Die Familienbesucherinnen sind ein Pilotprojekt des Niedersächsischen Instituts für frühkindliche Bildung und Entwicklung (Nifbe) in Osnabrück. Kindern bis zu zehn Jahren soll dadurch eine bessere Bildungsbeteiligung ermöglicht werden. Dazu wurden russisch- und türkischsprachige Frauen ein halbes Jahr lang ausgebildet. Sie vermitteln, wenn es Schwierigkeiten mit Schule oder Kindergarten gibt, organisieren Hausaufgabenhilfen und informieren Eltern über die Wichtigkeit von Kindergärten und Sprachförderung.

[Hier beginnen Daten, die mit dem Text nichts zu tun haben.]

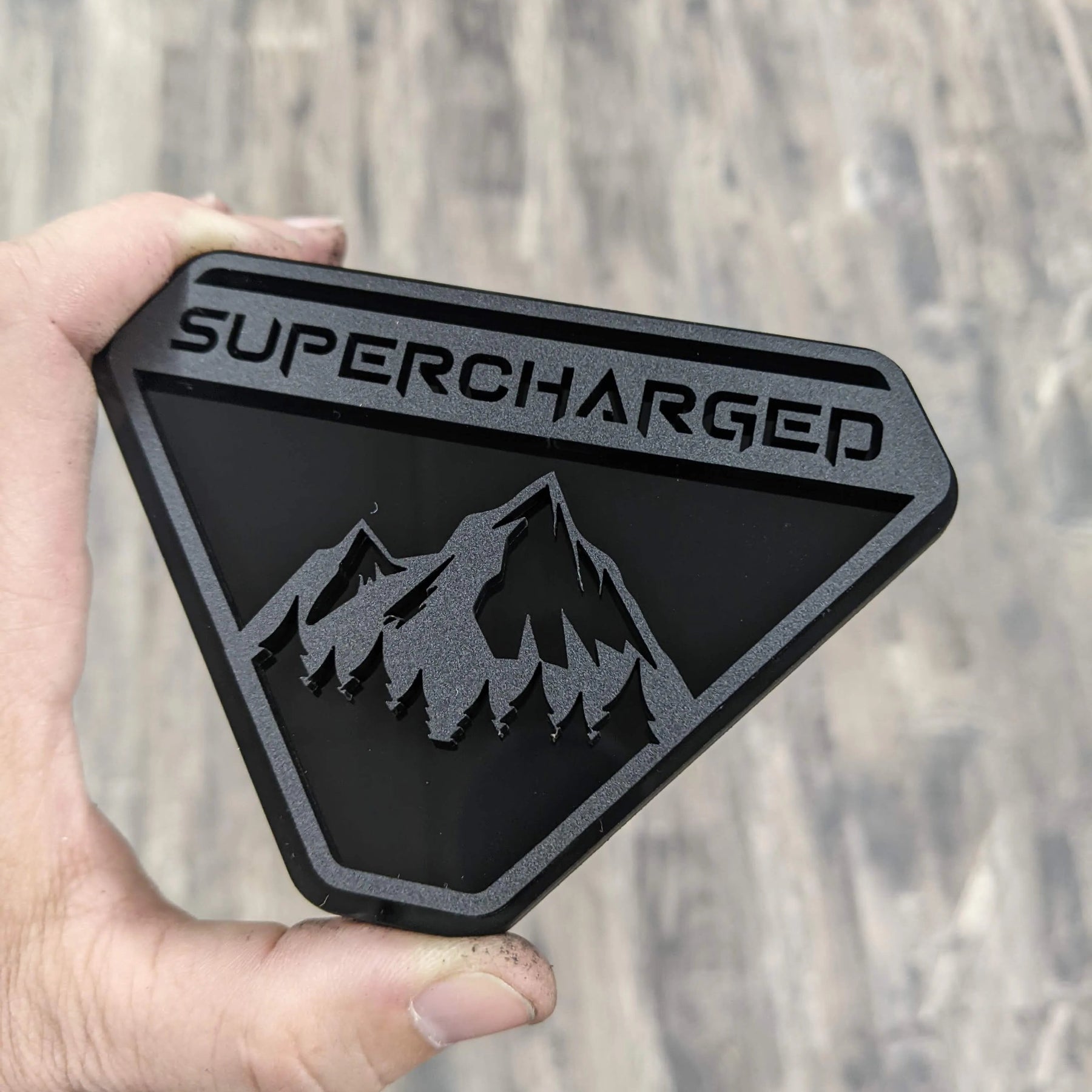 Fender Badge Pair - Custom Text Mountains - Fits 2021+ Bronco® Badlands® - Matte Black on Black
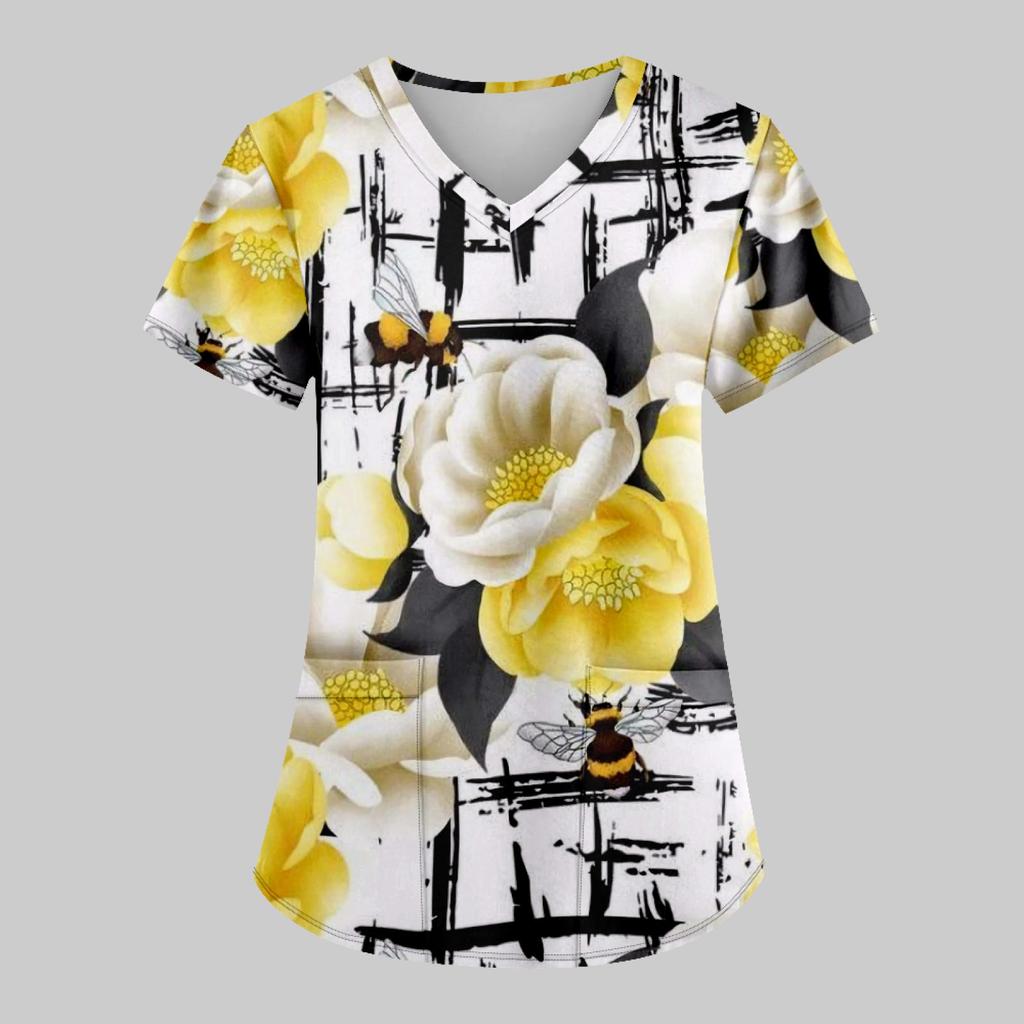 Women's Fashion Printed Work Uniform With Pocket T-Shirt Short Sleeve Top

Projektleiterin Gerda Wesselt-Borgelt von der Fachhochschule Osnabrück hat sich an den Stadtteilmüttern in Neukölln orientiert. Neuartig seien die Familienbesucherinnen dennoch. "Es ist das erste Mal, dass so ein Projekt im ländlichen Raum stattfindet", sagt sie. Einzigartig sei auch das "Gegenstromprinzip": Die Familienbesucherinnen tragen ihre Erfahrungen zurück in die Behörden. So sollen Missverständnisse und Vorurteile abgebaut werden.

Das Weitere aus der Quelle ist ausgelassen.